Not so long ago, Copilot from Microsoft (Github) has been released. It's integrated into another Microsoft product, a popular IDE called VSCode. I've switched form using ChatGPT for Copilot purley because it was more comfortable to have my assistant in the IDE rather than having to copy paste from the web. Recently, a friend recommended switching to Cursor, a small startup which redesigned the experience of using coding assistants. From what I can tell, the unique sauce they had was UI. The team likely forked VSCode, adopted it for LLM-assisted coding and plugged some off-the-shelf models. They didn't innovate on the quality of outputs, but the quality of the interface. Founders, CS majors themselves, understood how important for developers are things like shortcuts, they even added “cursor .” command in Terminal, to mimic “code .” command that opens up VSCode. Chef’s kiss, I don't mind paying x2 of what I was paying for Copilog, just shut up and take my money.

Granola, an AI notepad for people with back to back meetings, has also made an interesting design choice. Instead of blindly transcribing everything you say and putting it in a RAG system that you can chat to, they took a slightly different path. The team likely understood that through these two years of experimenting with AI systems, people have seen many failed demos [click] and hallucinations, that they have little trust in AI tools. Would you trust an AI that does this [click] or this [click] to summarise a very important meeting? Instead, you write your own, scrappy notes, and Granola makes them awesome. You, as a user, understand much better what’s important about this meeting than this stupid AI that you can’t trust anyway. It’s your notes, enhanced, not GPT’s notes.

A similar use case is a Google search competitor, Perplexity. The problem people have with ChatGPT is that you have to do the fast checking, and we still believe humans more than AIs. Instead of just returning the chat response, return also the links to relevant Stackoverflow posts or YouTube videos. As a result, Perplexity answers are trusted more by the users.

Loss of trust, and where is the value?

People grew a bit sceptical of AI tools not only because of how reliable they are, but also what message they send, quite literally. How would you feel if John from marketing was sending you only very generic emails that were AI-generated?

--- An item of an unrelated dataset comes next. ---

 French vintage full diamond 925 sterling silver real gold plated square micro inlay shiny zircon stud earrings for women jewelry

I have a LinkedIn contact, who keeps posting AI-generated paragraphs on data science concepts, likely to build up credibility for potential employers. It’s obvious they didn’t write them themselves. The signal this gives me is 1) you may or may not understand these concepts, I don’t trust that you do, and 2) you were too lazy to write a post yourself. Why would I read it if I could just ask ChatGPT?

While Redditors happily recommend AI-assited job applications, because it's just a numbers game, PostHog , a fast-growing startup in the open-source product analytics space, discourages sending generated cover letters [click] , because it's easy to spot them, and AI-generated cover letter sends a message: you're one of many, and I don't even care that much.

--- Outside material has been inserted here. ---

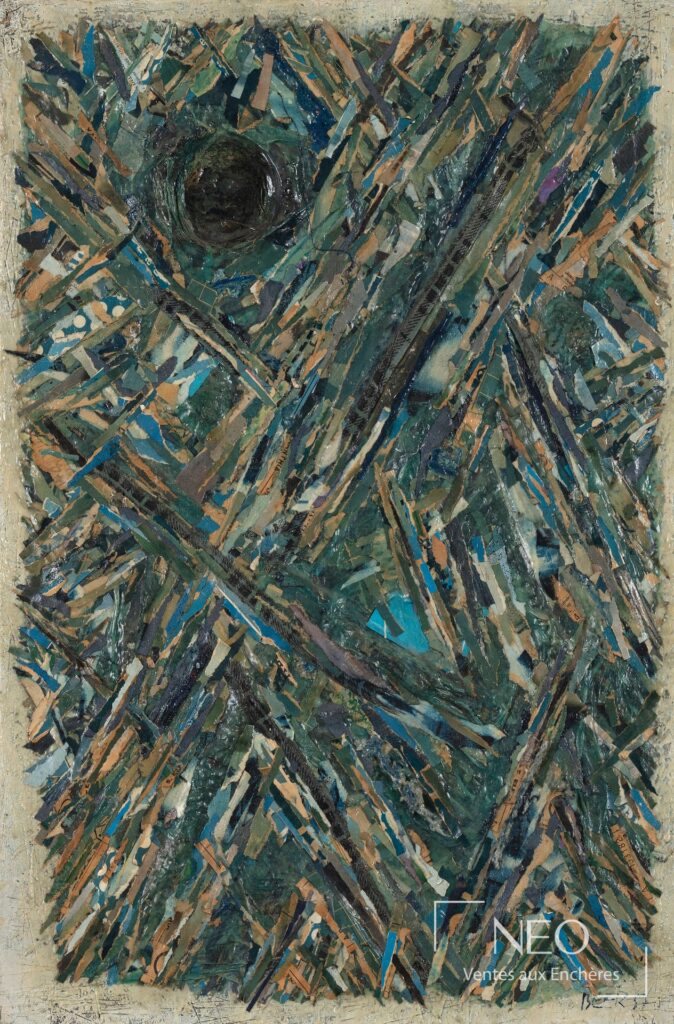Composition abstraite de Franz Beer aux lanières colorées sur toile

Writing is thinking. I want to understand you through your writing, your personality, sense of humour and your attitude. If your responses are randomly drawn from the distribution of all email responses ever sent, I care less about it reading it.

You can extend this argument to other applications of artificial intelligence, for example in entertainment. If chess is clearly booming, why aren't people interested in matches between two AIs [click] ? There's more to chess than just a display of mastery of the sport. There's more to being a singer than just hitting the right voice tone. We're clearly still working out the value people see in all these things, and making digital copies of every profession may not be the solution. I don't know.

I'm really excited to see what we'll learn about ourselves running this big AI experiment.

[1] Having the same access to a foundational model is one thing, being able to create an AI system that works well is another. Instead of reading research papers, you likely end up trying prompts, different agentic workflows etc. (which is a form of research, but I think of it as much more empirical than usual research), and this becomes another differentiator. I think of it as an early trend, and a good topic for another blog post!